# WHAT IS NEEDED
With the pictures left out, write out exactly the lines of the listing below that run from the line with "2012 Scion xB" through the line with "Impacto da realidade".

# TASK INPUT

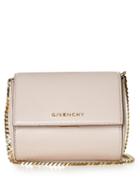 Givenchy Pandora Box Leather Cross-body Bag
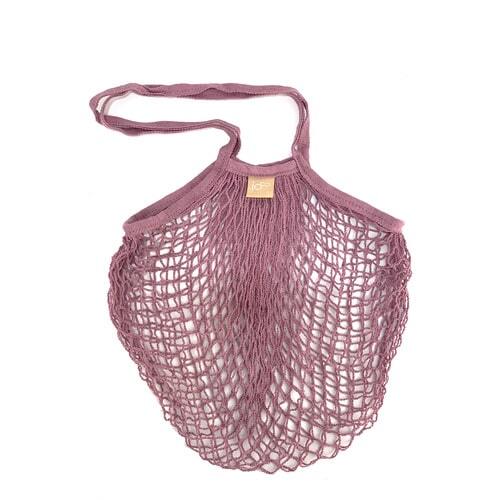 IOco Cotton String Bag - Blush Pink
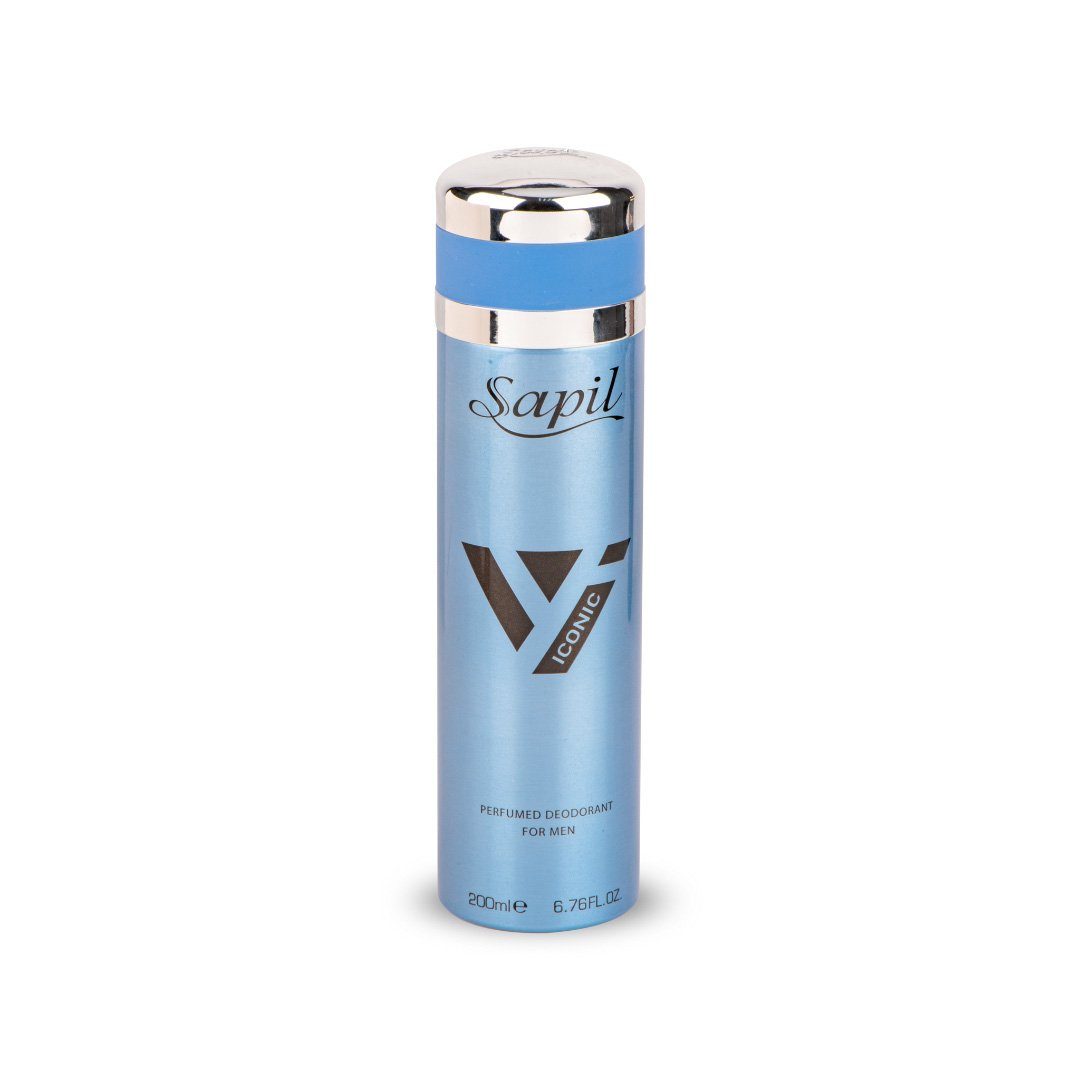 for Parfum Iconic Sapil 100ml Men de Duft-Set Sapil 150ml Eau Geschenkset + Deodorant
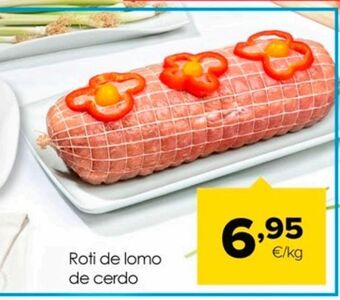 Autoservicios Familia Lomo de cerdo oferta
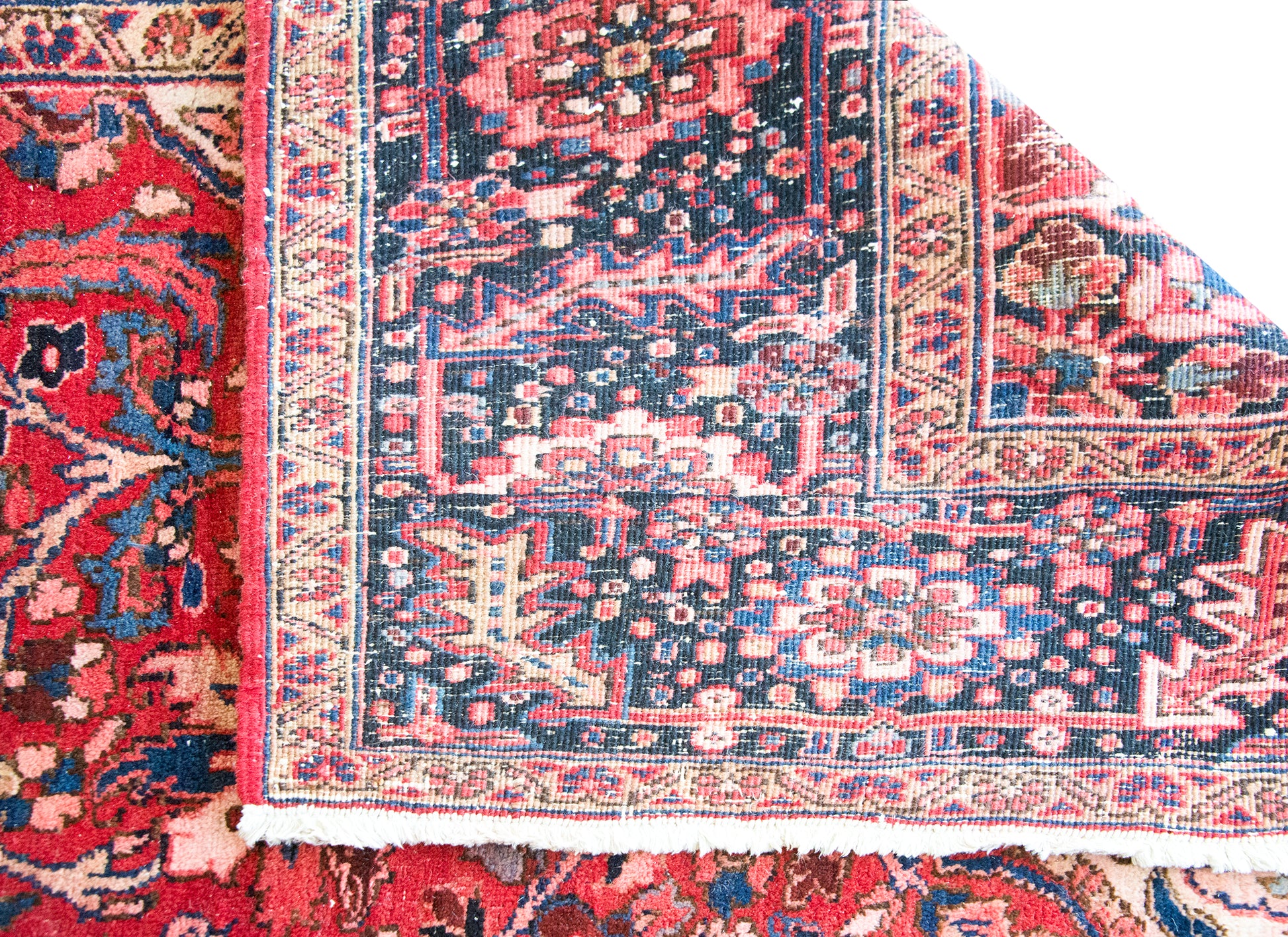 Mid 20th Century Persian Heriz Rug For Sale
--
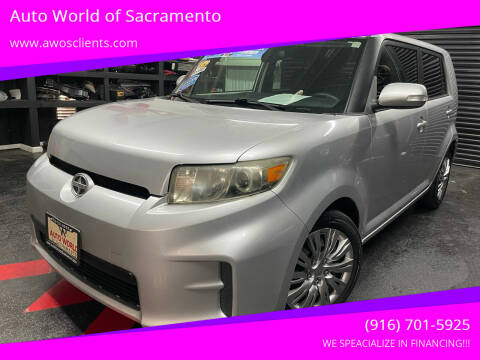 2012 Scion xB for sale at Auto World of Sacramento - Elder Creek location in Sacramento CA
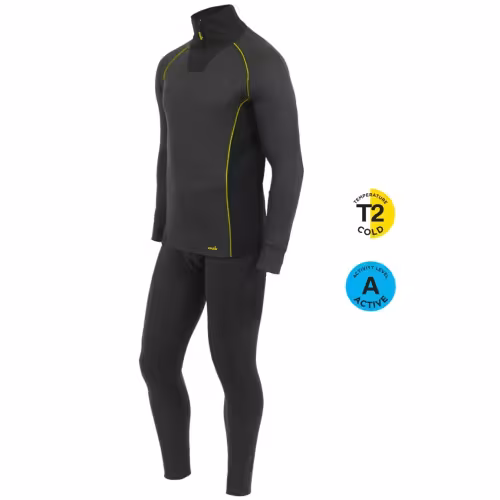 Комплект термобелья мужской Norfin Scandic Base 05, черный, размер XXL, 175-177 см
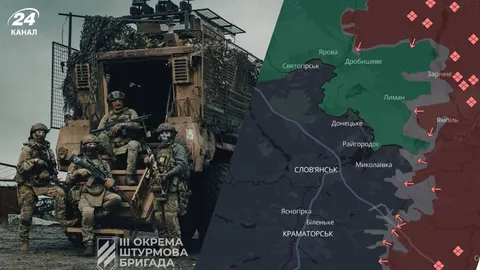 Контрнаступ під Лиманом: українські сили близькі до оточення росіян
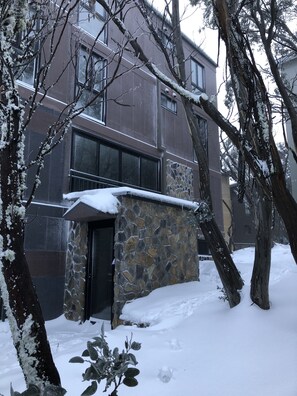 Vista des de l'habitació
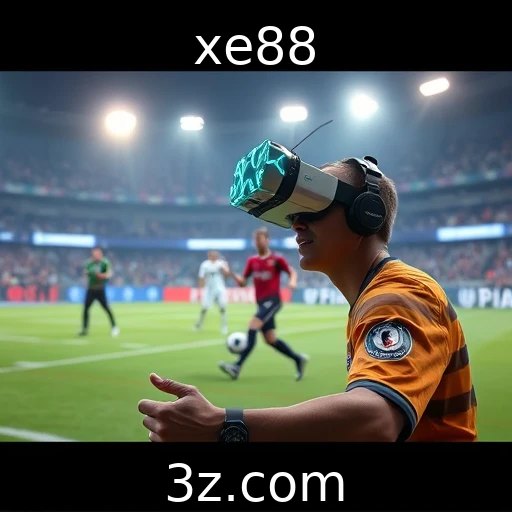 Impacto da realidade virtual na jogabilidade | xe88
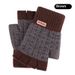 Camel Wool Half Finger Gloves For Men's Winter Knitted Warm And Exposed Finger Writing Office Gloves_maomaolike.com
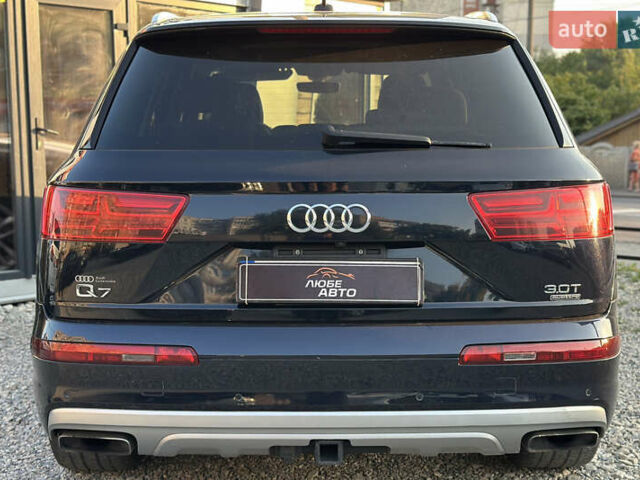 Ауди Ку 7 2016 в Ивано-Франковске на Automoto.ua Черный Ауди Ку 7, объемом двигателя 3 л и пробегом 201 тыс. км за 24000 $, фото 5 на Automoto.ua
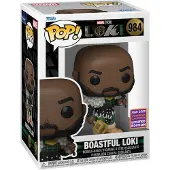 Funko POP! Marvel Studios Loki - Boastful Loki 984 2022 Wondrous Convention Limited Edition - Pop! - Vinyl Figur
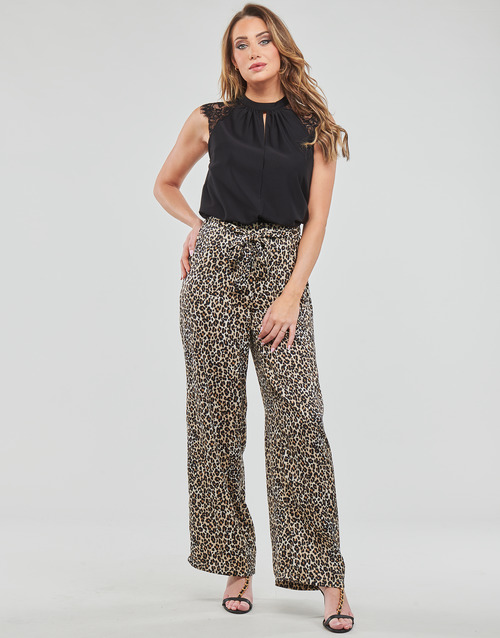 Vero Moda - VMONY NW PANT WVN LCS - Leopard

# RESULT OF THIS TASK
 2012 Scion xB for sale at Auto World of Sacramento - Elder Creek location in Sacramento CA
 Комплект термобелья мужской Norfin Scandic Base 05, черный, размер XXL, 175-177 см
 Контрнаступ під Лиманом: українські сили близькі до оточення росіян
 Vista des de l'habitació
 Impacto da realidade virtual na jogabilidade | xe88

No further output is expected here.